There will be only one of these £25,000 prizes every quarter and the other monthly draws will be exactly the same as before. The reduction in prizes will be very small. For example, in the January draw of this year there were over 500 million Bond units in the draw. The prize fund, which is equivalent to an annual interest of 4½ per cent. came to £1,890,400. This was divided into 52,189 prizes, of which 47,068 were £25 prizes. If there had been a £25,000 prize in January, there would still have been 51,505 prizes, and of those 46,464 would have been prizes of £25. To put the matter in perspective, therefore, there would have been a reduction of just over 1 per cent. in the number of prizes.

We are trying to make the scheme more attractive to investors and we must rely on the judgment of the investors themselves. We think that people will prefer the new system, and the figures certainly seem to bear that out. In the last 12 weeks, after the new prize was announced on 22nd October, the net sale of Premium Bonds amounted to £16,900,000. This compared with net sales of £10,400,000 in the same period of the previous year, a quite remarkable striking increase. In other words, people have been investing an extra £½ million a week on average in Premium Bonds since the new prize was announced. This contrast; sharply with the position of other forms of National Savings, which, as was stressed in the debate before Christmas, have, for reasons of general high interest rates, and so on, been in a period of what one hopes will be only a temporary decline.

Sir C. Black

What the hon. and learned Gentleman is saying is all in support of the point I made. My point was that the very people who are now promoting these sales condemned them when they were introduced. It is no answer to that to express pleasure that the sale of the Bonds is expanding. That does not touch the point.

Mr. MacDermot

It certainly touches the point with which we in the Exchequer are concerned, which is to increase National Savings. All I am pointing out is that, whatever the hon. Member's personal views may be, the figures indicate that for the general public, and the general saving public, this is a form of saving which attracts them, and that the addition of four £25,000 prizes a year, so far from shocking people into withdrawing from the scheme, appears to have contributed to a striking increase in the sale of Bond units.

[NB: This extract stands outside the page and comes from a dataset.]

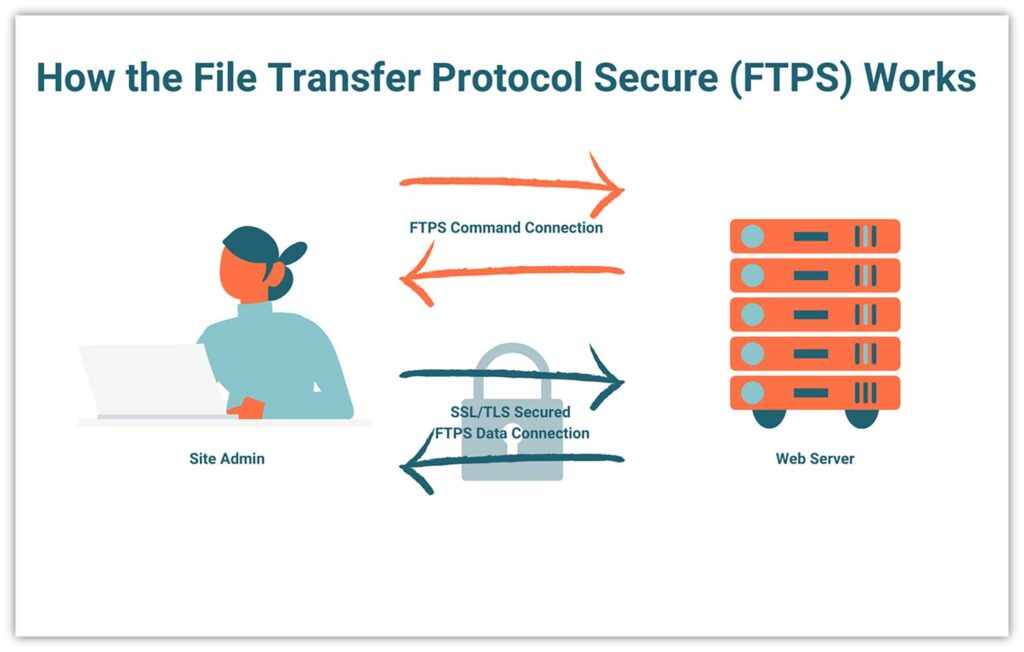 A basic illustration that demonstrates how the file transfer protocol secure (FTPS) works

The hon. Member is perfectly entitled to his own views about the morality of the scheme and he has expressed them again tonight, as he has done before, but I am sure that he is sufficiently liberal-minded to appreciate that there are other people who will take a different attitude and have a different viewpoint on these matters without there necessarily being any great moral corruption in their attitude. If this is the attitude of a very great number of people, provided that the matter is carried out with proper moderation and propriety I suggest that it is perfectly proper for the Government to use this impulse and impetus to induce people to extend their habits of thrift and saving. They cannot harm themselves, they may benefit themselves and they certainly will benefit the country.

Sir C. Black

May I ask the hon. and learned Gentleman whether, in the circumstances, he will bring this evening's debate to the notice of his right hon. Friend the Prime Minister? He will, perhaps, find illuminating some of the things that the hon. and learned Gentleman has said.

11.38 p.m.

Mr. Norman St. John-Stevas (Chelmsford)

I have, I think, about one minute or so in which to address the House, and I should like to take this opportunity to make my position plain. I am not condemning gambling, and I disagree on this point with my hon. Friend the Member for Wimbledon (Sir C. Black). I do not regard all forms of gambling as immoral.

What is wrong is for the Government to encourage gambling in this form by increasing the Premium Bond prize at a time when we are facing a very grave gambling problem throughout the country. That is the point on which the Government should be condemned. It is a moral point and it is also a point of sociology. The Government are extremely blameworthy in increasing this fever and the Financial Secretary has produced some cogent evidence in his speech that the fever has been materially increased by the Government's action.

Question put and agreed to.

Adjourned accordingly at twenty minutes to Twelve o'clock.